=== Data for review ===
= Beginning of Section =
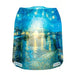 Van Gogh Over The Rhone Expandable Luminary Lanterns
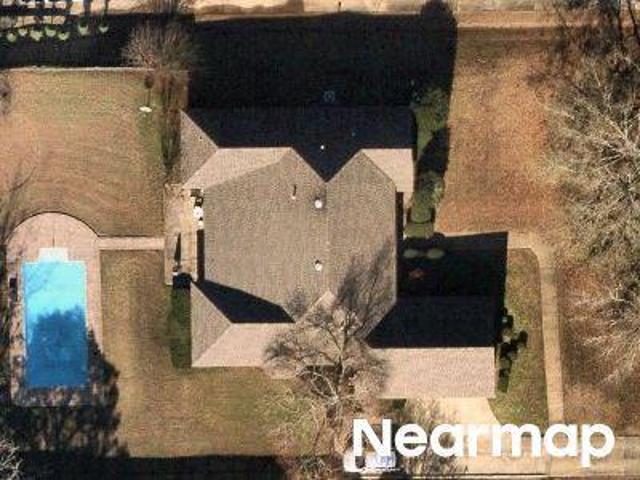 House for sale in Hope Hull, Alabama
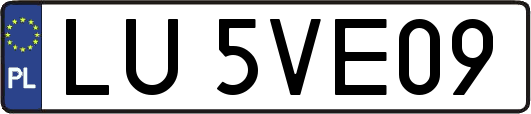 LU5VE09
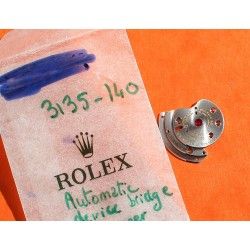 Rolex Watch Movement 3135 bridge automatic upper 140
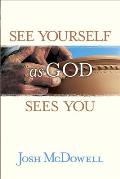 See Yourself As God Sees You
= End of Section =
=== Work request ===
All of the listing above must be output exactly, except for its pictures.

=== Answer for this exercise ===
 Van Gogh Over The Rhone Expandable Luminary Lanterns
 House for sale in Hope Hull, Alabama
 LU5VE09
 Rolex Watch Movement 3135 bridge automatic upper 140
 See Yourself As God Sees You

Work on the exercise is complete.